■ TRY IT ■
Below is a listing. Quote from it, exactly, the lines from the one containing "Bureau, Rénovation, Maison" down to the one containing "Industry’s Marisa Abela", both ends included, and nothing else.

■ MATERIAL PROVIDED ■

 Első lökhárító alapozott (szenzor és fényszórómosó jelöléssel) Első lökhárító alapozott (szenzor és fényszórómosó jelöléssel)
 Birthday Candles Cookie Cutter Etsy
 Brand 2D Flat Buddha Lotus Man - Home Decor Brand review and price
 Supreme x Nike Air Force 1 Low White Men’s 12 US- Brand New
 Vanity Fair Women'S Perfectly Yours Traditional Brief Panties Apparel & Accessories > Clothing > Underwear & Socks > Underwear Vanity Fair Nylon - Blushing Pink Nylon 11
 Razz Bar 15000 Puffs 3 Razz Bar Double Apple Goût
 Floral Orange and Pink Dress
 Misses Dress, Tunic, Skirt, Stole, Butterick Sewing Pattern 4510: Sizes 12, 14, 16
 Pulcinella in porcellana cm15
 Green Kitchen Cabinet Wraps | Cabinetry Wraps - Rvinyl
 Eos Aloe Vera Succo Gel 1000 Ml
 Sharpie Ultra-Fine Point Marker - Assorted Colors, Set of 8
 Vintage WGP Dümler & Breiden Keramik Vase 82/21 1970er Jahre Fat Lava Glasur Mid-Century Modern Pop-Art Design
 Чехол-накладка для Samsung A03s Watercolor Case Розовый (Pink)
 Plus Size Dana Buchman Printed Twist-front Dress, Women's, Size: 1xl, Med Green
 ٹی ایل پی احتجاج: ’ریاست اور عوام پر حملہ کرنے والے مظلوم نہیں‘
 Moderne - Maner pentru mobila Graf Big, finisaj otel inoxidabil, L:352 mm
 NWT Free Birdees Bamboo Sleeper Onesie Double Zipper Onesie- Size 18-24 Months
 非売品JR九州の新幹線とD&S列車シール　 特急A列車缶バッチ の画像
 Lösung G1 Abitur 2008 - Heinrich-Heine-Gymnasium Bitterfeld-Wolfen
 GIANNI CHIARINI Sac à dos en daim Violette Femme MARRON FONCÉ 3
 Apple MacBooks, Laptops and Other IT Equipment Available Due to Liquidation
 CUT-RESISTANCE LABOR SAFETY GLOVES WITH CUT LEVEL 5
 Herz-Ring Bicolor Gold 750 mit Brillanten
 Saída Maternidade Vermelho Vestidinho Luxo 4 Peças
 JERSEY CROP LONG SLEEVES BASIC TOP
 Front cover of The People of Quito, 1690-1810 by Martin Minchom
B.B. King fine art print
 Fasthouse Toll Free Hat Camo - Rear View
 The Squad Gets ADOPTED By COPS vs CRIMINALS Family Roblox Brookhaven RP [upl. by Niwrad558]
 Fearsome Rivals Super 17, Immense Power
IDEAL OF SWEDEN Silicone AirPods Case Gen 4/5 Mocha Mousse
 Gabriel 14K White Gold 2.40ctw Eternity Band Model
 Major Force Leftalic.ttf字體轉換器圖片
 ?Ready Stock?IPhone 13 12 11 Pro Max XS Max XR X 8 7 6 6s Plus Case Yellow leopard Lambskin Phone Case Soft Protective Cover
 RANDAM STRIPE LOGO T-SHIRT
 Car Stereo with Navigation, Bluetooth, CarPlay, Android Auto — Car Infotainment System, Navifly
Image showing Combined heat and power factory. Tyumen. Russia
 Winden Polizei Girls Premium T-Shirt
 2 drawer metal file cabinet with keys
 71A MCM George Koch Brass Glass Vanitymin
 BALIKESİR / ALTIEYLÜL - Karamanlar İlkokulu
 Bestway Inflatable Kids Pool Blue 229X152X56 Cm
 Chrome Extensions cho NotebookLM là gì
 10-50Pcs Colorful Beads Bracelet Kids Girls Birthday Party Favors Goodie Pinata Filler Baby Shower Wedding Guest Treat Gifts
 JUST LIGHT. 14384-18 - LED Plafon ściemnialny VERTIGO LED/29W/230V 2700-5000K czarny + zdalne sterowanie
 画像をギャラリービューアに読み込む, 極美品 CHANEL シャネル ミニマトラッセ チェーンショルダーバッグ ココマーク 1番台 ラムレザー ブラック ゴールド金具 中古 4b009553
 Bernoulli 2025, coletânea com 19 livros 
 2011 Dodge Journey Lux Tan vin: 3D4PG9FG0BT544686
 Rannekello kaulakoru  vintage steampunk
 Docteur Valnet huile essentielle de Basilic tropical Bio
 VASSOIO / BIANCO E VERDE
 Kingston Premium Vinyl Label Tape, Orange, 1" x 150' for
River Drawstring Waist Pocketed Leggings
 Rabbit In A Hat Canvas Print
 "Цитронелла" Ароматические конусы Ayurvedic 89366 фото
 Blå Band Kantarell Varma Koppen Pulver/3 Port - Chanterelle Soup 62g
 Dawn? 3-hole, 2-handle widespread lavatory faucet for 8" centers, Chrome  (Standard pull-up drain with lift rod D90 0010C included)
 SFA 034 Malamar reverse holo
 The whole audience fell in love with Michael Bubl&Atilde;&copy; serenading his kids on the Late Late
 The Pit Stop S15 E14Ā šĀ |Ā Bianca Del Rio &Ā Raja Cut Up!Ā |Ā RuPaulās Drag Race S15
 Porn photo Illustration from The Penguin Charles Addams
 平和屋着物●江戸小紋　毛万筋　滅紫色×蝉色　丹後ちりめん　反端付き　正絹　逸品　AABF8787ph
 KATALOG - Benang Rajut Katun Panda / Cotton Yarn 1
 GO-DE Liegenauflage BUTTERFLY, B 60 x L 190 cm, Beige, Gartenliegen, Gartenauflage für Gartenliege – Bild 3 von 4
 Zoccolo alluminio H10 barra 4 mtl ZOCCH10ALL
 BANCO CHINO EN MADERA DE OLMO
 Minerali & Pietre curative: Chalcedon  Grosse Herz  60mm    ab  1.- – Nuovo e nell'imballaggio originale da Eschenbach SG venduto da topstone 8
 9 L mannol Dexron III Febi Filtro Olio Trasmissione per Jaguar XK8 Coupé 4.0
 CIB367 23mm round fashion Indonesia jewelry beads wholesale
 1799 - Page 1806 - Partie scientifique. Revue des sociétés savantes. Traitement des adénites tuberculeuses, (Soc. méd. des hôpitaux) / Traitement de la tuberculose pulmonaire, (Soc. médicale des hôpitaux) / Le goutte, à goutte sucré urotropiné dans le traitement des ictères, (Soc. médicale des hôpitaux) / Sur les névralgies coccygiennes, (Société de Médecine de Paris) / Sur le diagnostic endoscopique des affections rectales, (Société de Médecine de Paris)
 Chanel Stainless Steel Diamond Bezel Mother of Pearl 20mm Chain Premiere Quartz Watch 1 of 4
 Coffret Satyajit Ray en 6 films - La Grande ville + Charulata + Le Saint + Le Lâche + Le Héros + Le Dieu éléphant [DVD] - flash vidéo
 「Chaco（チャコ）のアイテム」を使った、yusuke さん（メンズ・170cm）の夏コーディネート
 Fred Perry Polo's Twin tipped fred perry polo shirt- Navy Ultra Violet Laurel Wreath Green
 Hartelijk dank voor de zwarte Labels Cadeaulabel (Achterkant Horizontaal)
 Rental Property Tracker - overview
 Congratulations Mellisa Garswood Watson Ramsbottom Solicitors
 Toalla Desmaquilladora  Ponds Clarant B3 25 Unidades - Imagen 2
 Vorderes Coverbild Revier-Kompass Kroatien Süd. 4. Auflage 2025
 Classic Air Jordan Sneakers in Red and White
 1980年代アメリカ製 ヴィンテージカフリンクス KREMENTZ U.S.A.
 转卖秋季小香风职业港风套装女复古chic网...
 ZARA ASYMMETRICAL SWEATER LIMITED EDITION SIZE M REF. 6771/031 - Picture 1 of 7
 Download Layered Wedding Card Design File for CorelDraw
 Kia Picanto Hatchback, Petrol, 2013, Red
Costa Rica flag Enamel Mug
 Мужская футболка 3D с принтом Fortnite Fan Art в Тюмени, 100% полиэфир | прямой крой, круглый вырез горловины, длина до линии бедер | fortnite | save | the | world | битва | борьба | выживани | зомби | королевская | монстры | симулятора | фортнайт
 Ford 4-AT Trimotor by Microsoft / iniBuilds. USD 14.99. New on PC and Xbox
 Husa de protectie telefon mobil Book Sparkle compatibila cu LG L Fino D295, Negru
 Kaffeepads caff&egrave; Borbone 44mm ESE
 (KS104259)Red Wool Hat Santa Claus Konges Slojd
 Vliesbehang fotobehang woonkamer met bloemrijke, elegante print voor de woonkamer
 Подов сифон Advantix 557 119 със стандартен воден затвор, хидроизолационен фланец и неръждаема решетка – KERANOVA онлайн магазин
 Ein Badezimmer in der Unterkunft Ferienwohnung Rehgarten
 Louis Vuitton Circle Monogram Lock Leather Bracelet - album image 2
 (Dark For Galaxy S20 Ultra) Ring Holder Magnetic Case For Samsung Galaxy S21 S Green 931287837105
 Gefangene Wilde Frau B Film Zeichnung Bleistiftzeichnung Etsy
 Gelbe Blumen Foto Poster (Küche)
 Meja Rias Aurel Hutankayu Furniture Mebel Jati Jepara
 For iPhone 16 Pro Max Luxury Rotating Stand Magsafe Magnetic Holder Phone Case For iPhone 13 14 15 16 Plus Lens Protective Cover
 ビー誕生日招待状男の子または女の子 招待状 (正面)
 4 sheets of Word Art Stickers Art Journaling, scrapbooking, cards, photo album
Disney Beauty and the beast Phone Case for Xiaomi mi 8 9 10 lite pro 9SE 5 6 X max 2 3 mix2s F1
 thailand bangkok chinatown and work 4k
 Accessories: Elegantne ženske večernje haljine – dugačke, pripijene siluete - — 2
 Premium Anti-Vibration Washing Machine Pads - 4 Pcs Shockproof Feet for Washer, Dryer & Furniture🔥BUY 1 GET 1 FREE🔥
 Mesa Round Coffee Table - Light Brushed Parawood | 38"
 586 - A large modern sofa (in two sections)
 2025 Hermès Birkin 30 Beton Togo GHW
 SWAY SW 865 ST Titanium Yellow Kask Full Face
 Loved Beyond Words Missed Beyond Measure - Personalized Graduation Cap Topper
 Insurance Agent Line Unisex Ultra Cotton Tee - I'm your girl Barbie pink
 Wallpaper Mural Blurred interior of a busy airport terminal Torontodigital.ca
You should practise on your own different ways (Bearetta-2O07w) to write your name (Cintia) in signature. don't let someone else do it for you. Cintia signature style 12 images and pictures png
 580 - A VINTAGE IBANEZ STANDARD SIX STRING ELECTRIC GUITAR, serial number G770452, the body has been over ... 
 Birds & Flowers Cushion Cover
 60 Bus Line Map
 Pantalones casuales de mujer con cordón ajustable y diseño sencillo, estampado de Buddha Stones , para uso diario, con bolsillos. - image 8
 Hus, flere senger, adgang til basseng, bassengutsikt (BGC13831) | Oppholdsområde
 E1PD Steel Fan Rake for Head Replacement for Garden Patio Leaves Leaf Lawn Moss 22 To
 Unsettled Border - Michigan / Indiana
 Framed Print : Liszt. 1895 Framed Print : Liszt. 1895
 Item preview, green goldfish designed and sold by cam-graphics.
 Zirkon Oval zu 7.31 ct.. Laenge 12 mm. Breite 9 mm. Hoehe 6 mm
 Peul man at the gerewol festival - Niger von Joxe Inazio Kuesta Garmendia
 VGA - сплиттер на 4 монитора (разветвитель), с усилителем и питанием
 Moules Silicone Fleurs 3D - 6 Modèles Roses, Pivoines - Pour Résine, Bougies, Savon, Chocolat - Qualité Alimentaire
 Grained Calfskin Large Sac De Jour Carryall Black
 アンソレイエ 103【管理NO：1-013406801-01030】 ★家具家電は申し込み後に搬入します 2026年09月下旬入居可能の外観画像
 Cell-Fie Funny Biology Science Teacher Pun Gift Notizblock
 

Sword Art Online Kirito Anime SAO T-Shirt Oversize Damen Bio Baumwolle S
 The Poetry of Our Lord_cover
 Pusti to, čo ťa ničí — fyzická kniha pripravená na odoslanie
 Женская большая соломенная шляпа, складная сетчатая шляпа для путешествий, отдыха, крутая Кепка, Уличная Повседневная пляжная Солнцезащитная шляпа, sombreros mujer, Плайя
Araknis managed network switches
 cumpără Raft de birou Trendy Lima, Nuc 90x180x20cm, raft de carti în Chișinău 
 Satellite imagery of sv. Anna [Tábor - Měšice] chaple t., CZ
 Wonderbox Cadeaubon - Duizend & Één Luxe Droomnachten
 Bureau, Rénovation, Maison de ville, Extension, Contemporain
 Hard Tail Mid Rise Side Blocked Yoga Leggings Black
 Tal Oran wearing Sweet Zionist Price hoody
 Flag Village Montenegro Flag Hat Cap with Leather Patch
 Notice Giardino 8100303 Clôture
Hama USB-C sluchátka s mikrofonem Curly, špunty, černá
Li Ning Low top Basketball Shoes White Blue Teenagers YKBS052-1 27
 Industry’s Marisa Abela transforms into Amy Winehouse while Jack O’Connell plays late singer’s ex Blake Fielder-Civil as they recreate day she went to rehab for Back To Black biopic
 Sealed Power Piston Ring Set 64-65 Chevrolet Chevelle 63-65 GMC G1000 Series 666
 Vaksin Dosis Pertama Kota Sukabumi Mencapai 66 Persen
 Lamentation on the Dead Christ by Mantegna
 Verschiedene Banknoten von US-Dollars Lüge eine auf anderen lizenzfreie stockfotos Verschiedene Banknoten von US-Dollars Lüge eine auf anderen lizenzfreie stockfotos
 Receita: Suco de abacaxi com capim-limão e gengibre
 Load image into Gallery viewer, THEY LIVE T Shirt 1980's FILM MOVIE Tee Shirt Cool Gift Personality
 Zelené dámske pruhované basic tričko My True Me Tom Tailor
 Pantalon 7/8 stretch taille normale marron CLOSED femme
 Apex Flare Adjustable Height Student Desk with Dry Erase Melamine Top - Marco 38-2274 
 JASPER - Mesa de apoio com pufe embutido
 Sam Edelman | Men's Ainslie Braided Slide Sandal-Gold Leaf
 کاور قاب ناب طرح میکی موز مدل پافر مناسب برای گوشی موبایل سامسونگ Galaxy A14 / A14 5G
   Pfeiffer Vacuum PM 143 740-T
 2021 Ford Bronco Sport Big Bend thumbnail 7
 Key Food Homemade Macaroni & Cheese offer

■ RESULT OF THE EXERCISE ■
 Bureau, Rénovation, Maison de ville, Extension, Contemporain
 Hard Tail Mid Rise Side Blocked Yoga Leggings Black
 Tal Oran wearing Sweet Zionist Price hoody
 Flag Village Montenegro Flag Hat Cap with Leather Patch
 Notice Giardino 8100303 Clôture
Hama USB-C sluchátka s mikrofonem Curly, špunty, černá
Li Ning Low top Basketball Shoes White Blue Teenagers YKBS052-1 27
 Industry’s Marisa Abela transforms into Amy Winehouse while Jack O’Connell plays late singer’s ex Blake Fielder-Civil as they recreate day she went to rehab for Back To Black biopic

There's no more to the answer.